Equipment

Equipment

XXIO Prime lineup of woods, irons pushes lightweight limits

January 25, 2021

WHAT YOU NEED TO KNOW: The high-end XXIO line of men’s and women’s clubs ($1,200 driver, anyone?) continue their focus on distance, or more precisely the distance you’ve lost, by pushing the limits of lightweight woods and irons. Using driver shafts that weigh less than 40 grams, clubs with a total weight that’s about 25 percent lighter than standard models and heads that create hidden ways of adding more spring to the face at impact, these clubs aim to restore lost swing speed or create more velocity for improved distance for even the most trajectory-challenged golfers out there.

Price: XXIO Prime driver ($900), fairway woods ($600), hybrids ($400). XXIO Prime irons ($275 per iron, $1,100 for a four-piece set). XXIO Prime Royal women’s driver ($1,200), fairway woods ($800), hybrids ($450). XXIO Prime Royal women’s irons ($300 per iron, $2,400 for an eight-piece set and $1,200 for four-piece set). Available at retail on Feb. 12 (XXIO Prime), and March 12 (XXIO Prime Royal).

THE DEEP DIVE: A recent study of average golfer distances by Foresight Sports (makers of the GCQuad and GCHawk launch monitors) was as enlightening as it might be discouraging. According to Foresight’s data, the average male golfer hits his driver between 200-260 yards and the average female is between 140-200 yards. Conservatively, those numbers at the low end are at least a football field behind the professional averages. For the irons, the advantages may be even more glaring, with men hitting their 7-irons 115-155 yards and women at 65–115 yards. Again, at the low end, those distances may be 40-60 percent shorter than their professional counterparts.

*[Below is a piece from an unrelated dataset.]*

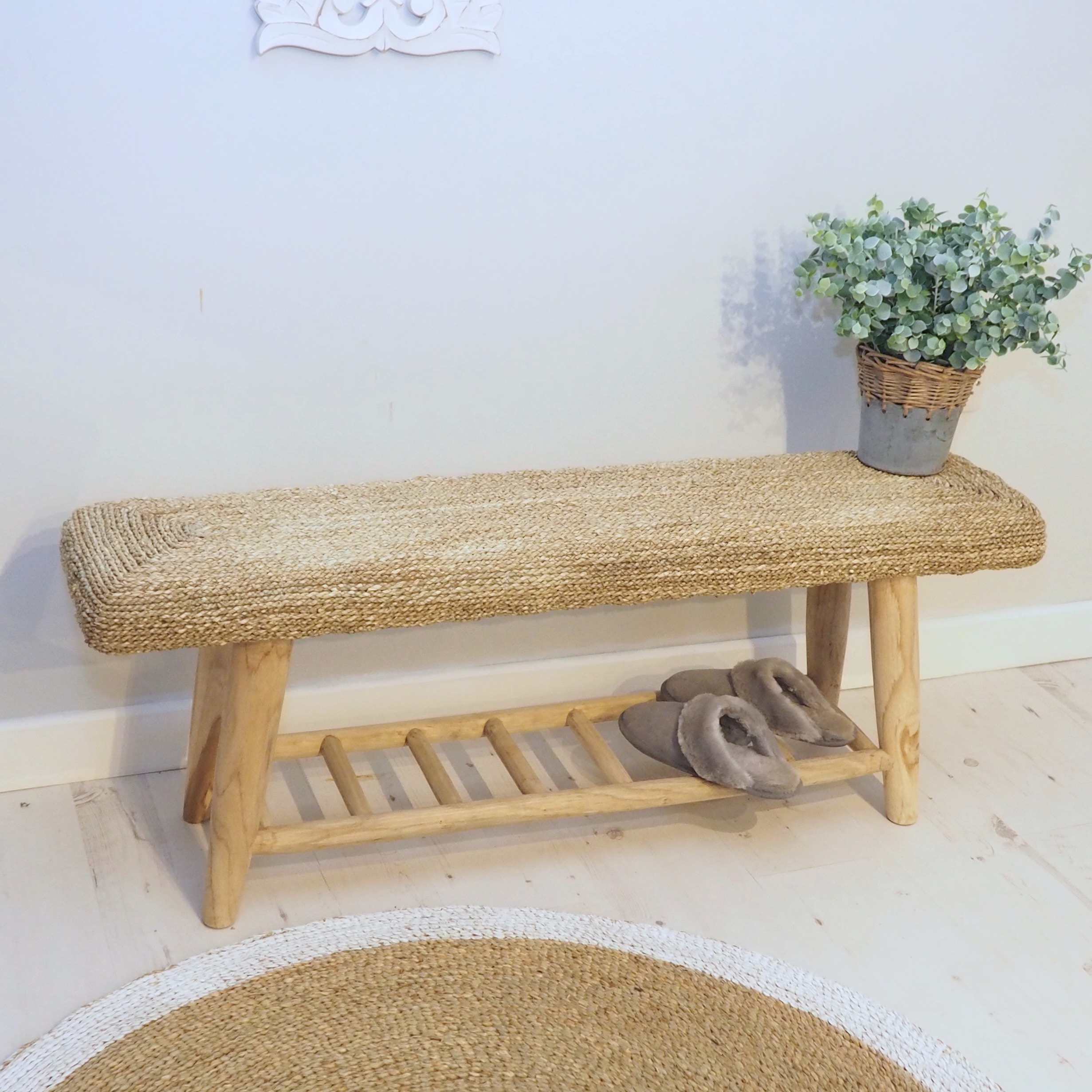 Wicker bench with shelving on wooden floor with rug, slippers and plant pot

In short, most average golfers are short, woefully so, and the real culprit is speed. The XXIO line of clubs always has sought to help average golfers find the distance they’ve been missing, largely through lighter weight designs. The flagship of that philosophy is its XXIO Prime clubs, which feature the lightest weights and fastest-flexing faces to help average golfers with below average swing speeds manufacture some of that distance they lack.

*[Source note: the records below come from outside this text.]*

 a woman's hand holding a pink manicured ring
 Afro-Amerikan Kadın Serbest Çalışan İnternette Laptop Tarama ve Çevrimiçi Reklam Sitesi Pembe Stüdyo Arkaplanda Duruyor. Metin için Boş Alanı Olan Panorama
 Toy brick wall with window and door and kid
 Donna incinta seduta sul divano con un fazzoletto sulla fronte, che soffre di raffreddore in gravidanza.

The new XXIO Prime lineup, which also includes the women-friendly XXIO Prime Royal women’s clubs, includes drivers that weigh around 250 grams or about 25 percent lighter than standard models with shafts that are as light as 36 grams—at least a third lighter than standard models and about the weight of those prescription reading glasses many XXIO potential customers might be sporting.

The entire collection of woods, hybrids and irons all feature fast-flexing titanium faces, powered by a special alloy (Super TIX-Plus). In the drivers, the face is supported by a pattern of alternating stiff and flexible zones that are designed to transfer more energy into the ball.

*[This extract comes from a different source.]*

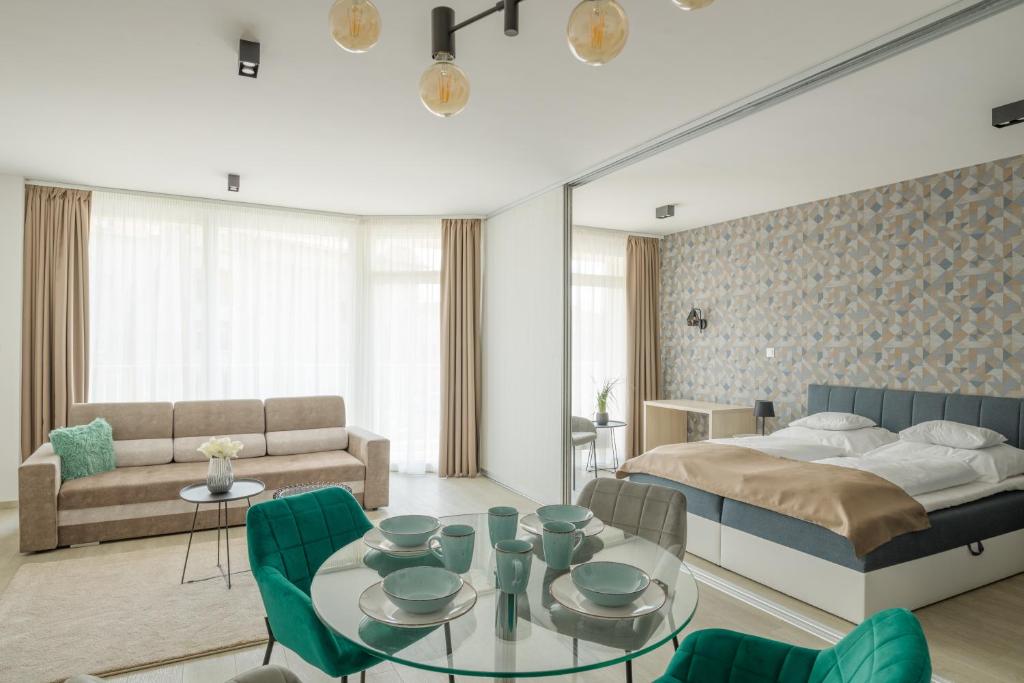 um quarto com uma cama, uma mesa e cadeiras em Parizs Garden Apartments em Debrecen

The driver, fairway woods and hybrids utilize what XXIO calls a “flat cup face” construction designed to improve off-center ballspeeds with more consistent face deflection over a larger area.

The irons feature channels cut along the perimeter of the back of the face to improve deflection, particularly on impacts low on the face. The sole features extra trailing edge relief in what’s called “a step sole” design to reduce contact points with the turf for less speed loss due to ground friction and smoother contact regardless of the lie.

“It’s safe to say that the new XXIO Prime woods and irons are the most advanced set of clubs ever developed for players with moderate-to-slow swing speeds,” said Jeff Brunski, vice president of research and development at Cleveland/Srixon/XXIO. “From the exotic materials and construction to the ultra-lightweight shafts, every detail has been engineered to add distance and accuracy, specifically for players who have lost some yards over the years. XXIO Prime is truly different and special.”

Not just a flat-out pursuit for the lightest clubs in the game, the XXIO Prime lineup again includes its counterbalanced weighting in the woods and irons. The extra mass toward the grip end is designed to help golfers position the hands and the club properly at the top of the backswing and then as the downswing begins the weighting helps to keep the club closer to the body for a more powerful move that approaches the ball more on plane instead of an over-the-top casting motion.

The XXIO Prime Royal woods and irons feature an even more ultra-lightweight design to help even more moderate swing speed women players generate distance.

The XXIO Prime clubs will be in stores Feb. 12, while the XXIO Prime Royal offerings are set to arrive March 12.